Вне свободной (вменяемой) личности, которая способна увидеть в себе причину происходящего, рушится любая система морали и права. Согласно Μ. М. Бахтину, у человека нет и не может быть алиби в бытии, разум и сознание – вторичны по отношению к изначальной ответственности. Они лишь выражают меру осознания своей укорененности в мир. А значит, и меру свободы. Чем в большей степени личность интеллектуально развита, чем шире горизонт ее знаний, тем в большей степени она осознает возможные последствия своих действий и поступков.

Само сознание – не что иное, как продукт вменения ответственности. Только после такого вменения личность становится чувствилищем добытийного начала бытия, каковым является свобода. Тем самым мне становится доступным выход на новый уровень – добытийный и внебытийный уровень свободы, уровень возможностей, уровень потенциации, овозможнивания реальности, конструктивного творчества, для реализации чего необходим выход в "позицию вненаходимости" (Μ. М. Бахтин). Я становлюсь способным, подобно хоббиту Бильбо Бэггинсу, совершить путешествие "туда и обратно". Туда – из мира сущего в трансцендентный мир сверхреального возможного. И обратно – из мира возможного в мир сущего. Будучи эпифеноменом культуры, результатом вменения ответственности, свобода дает человеку возможность, в отличие от животного, которое просто сканирует реальность, выйти в другое измерение, трансцендировать в иное.

Формирование, развитие co-знания и есть становление вменяемого субъекта, которому вменяется ответственность за его действия и который располагает рациональной мотиваций.

Ярким примером, подтверждающим идею вторичности свободы по отношению к ответственности, производности ее от ответственности, является проблема смертной казни – высшей меры ответственности. Правом предполагается именно ответственность за свободный выбор – предполагается, что человек мог поступить так, а мог иначе, и это был его выбор. У одной и той же причины могло быть как минимум два следствия. Иначе говоря, высшая мера покоится на постулировании свободы воли личности как вменяемого субъекта. Но с естественно-научной точки зрения человек никогда не может действовать "иначе". Постулат о вменяемости и, как следствие, получение наказания или поощрения наделяет человека способностью действовать вопреки миру: правовая культура, вся юриспруденция, как, впрочем, и мораль, покоятся скорее на теологии, чем на науке.

Свобода не столько познанная необходимость, сколько осознанная возможность и "преодоленная необходимость" (В. Гроссман). Не истина (знания) определяет свободу, а свобода как ответственность открывает горизонт истины. Сама истина дастся в акте откровения свободы, когда открывается новая гармоничная целостность мира: когда ученый описывает фрагменты этой новой целостности в терминах теории, художник передает ее в красках, рисунке, композитор – в звуках. Человеческое бытие раскрывается как творчество, а личность и путь к свободе – как принятие на себя все большей ответственности.

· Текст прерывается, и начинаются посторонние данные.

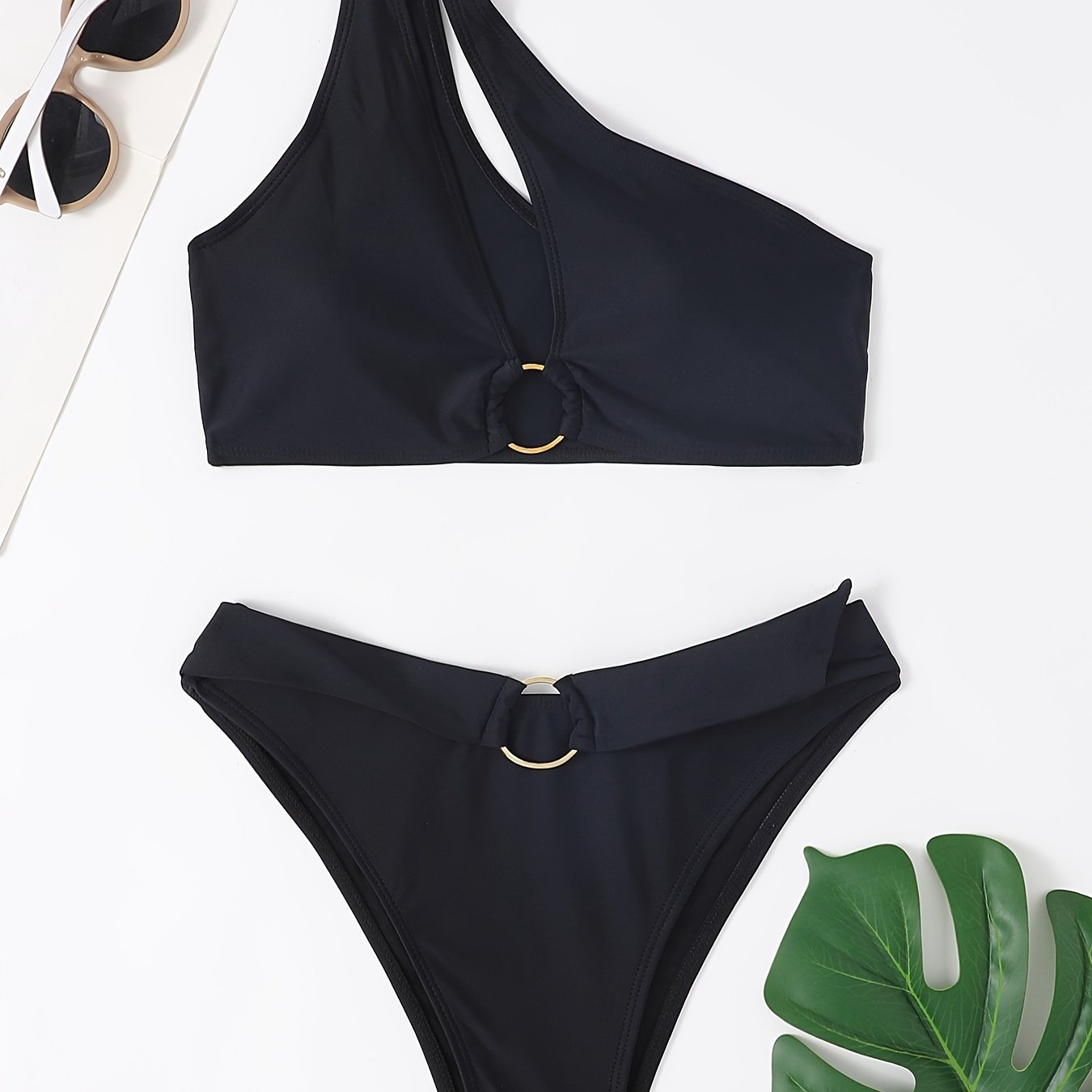 One Shoulder Cut Out Front Bikini Sets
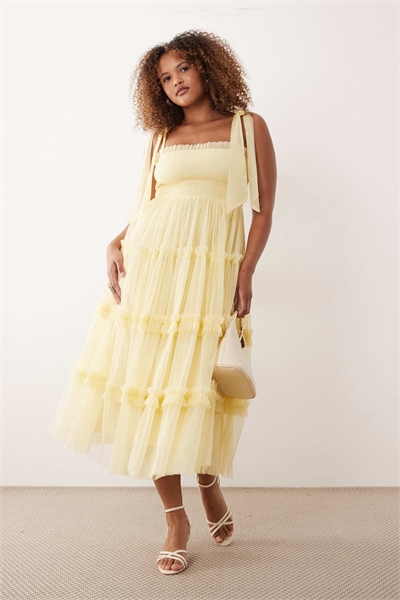 Платье-миди из тюля с бантиком на плече для подружки невесты, цвет лимонный артикул 154416420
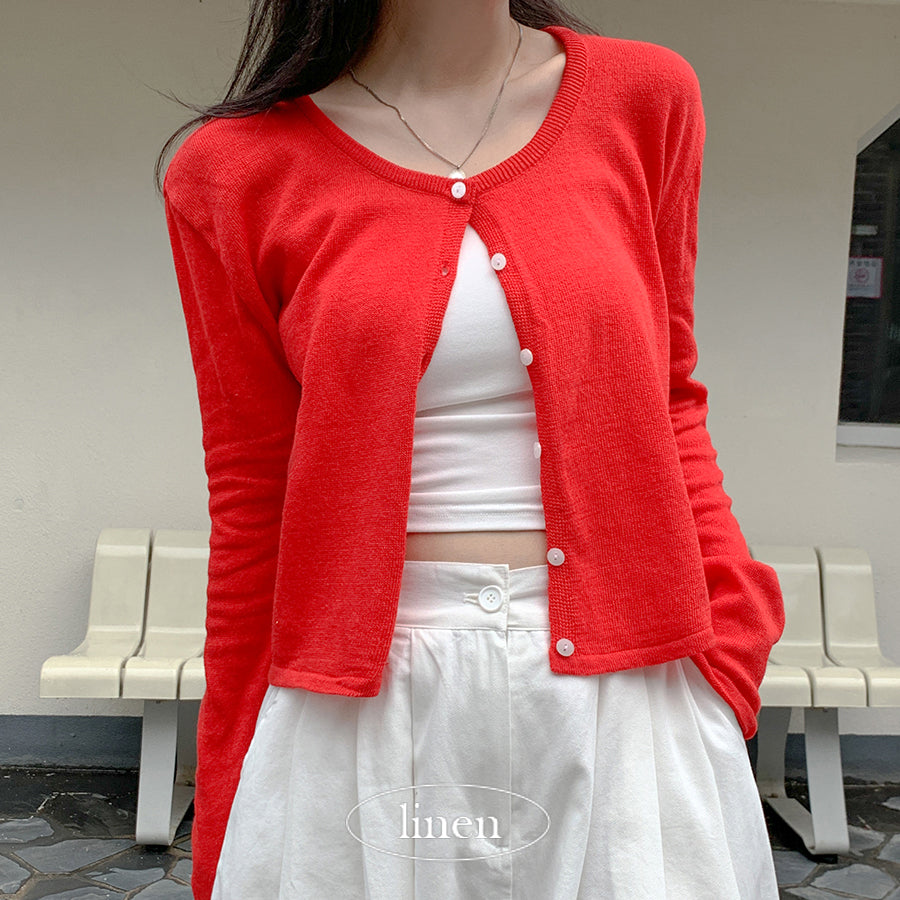 Arthur's Day [linen 💗 basic fit] Heart-racing linen round cardigan, summer long-sleeved cardigan, linen cardigan, feminine round neck plain cardigan, slim fit genuine fit guest look, change of seasons look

Из социально-культурной природы свободы следует ее историчность, что еще теснее связывает свободу и политику. Свобода появляется при определенных условиях: при формировании некоей инфраструктуры – экономической, социальной, культурной. Реализация этих условий открывает возможность развития личности, а за ней – свободы.

В политической философии различаются два типа свободы – институциональная и суверенная. И. Берлин называл их свободой "негативной" (никто не должен вмешиваться в чужую жизнь) и "позитивной" (человек является хозяином своей жизни и отвечает за свой обоснованный выбор). Ч. Тейлор, имея в виду близкое понимание, различает свободу "от" и свободу "для". В русской философии начала XX в. (В. Ф. Эрн, Н. А. Бердяев, Л. И. Шестов) фактически то же различение обозначалось как "свобода делания" (ограниченная реальными условиями и возможностями) и "свобода хотения" (таких ограничений не имеющая). Свобода "хотения" – неизбывная, "метафизическая" характеристика человеческого существования. Опыт гитлеровских и сталинских концлагерей показывает, что выживали в этих нечеловеческих условиях люди, которые и в них находили, а то и придумывали себе некие правила, которыми руководствовались в ежедневном поведении. Те, кто полностью растворялся в лагерном режиме, очень быстро деградировали как нравственно, так и физически и погибали.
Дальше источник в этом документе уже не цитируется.